Şüpheniz olmasın, her fırsatta dersi kırıp kaçmak isteyecekler.
Kimse onlara güven duymamı beklemesin! Öğrenim tamamlanıncaya kadar
beklerim.
***
Hisler irkilticidir; tedirgin eder. O yüzden hemen
hissettiklerimizi yorumlamaya başlarız. Çünkü hisleri öldürmenin
kesin yolu onlar üzerine konuşmaya başlamaktır.
Allah'tan ki, ölüp ölüp dirilirler!
***
Ciddi bir yanılgı... Aklımızı çok, hislerimizi az kullandığımızı
sanıyoruz. Oysa çok kullandığımız şey akıl değil, hayat yolunda
yürümek için yaslandığımız kupkuru bir baston: mantık.
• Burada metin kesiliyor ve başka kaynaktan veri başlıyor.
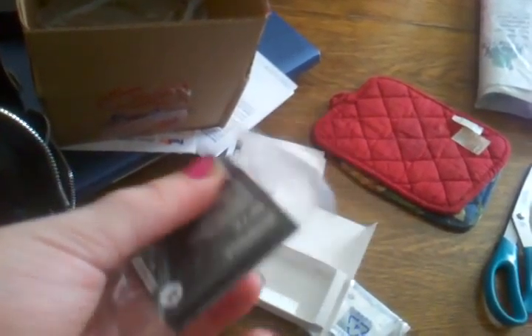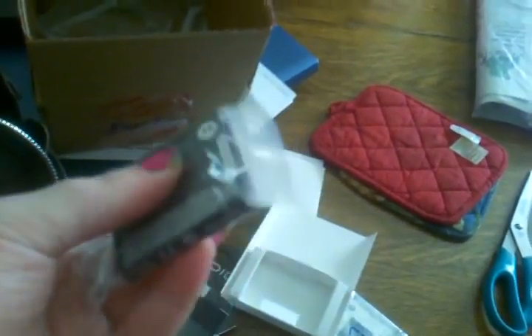I'm gonna put this on and I'll do a review of the battery probably tomorrow. Thanks for watching, guys.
Modern insan
aslında aşırı hissiyattan (santimantalizm) boğulmak üzere, farkında
değiliz. Hislerimiz sel gibi her yana yayılıyor.
***
Akılsız kalp, kalpsiz akıl olmaz... Olsun diye zorlarsan ya
hislerin miskinliğine ya da aklın mızmızlığına gömülürsün.
***
Görmeye o kadar odaklanmışız ki, insanlığın derin geleneklerinden
başka gözler edinmeye çalışıyoruz. Üçüncü Göz, vd.
Bir gözümüz daha olsun, göremediklerimizi de görelim; etrafa hem şu
bildik gözlerimizle hem de "kalbin gözleri"yle bakalım
istiyoruz.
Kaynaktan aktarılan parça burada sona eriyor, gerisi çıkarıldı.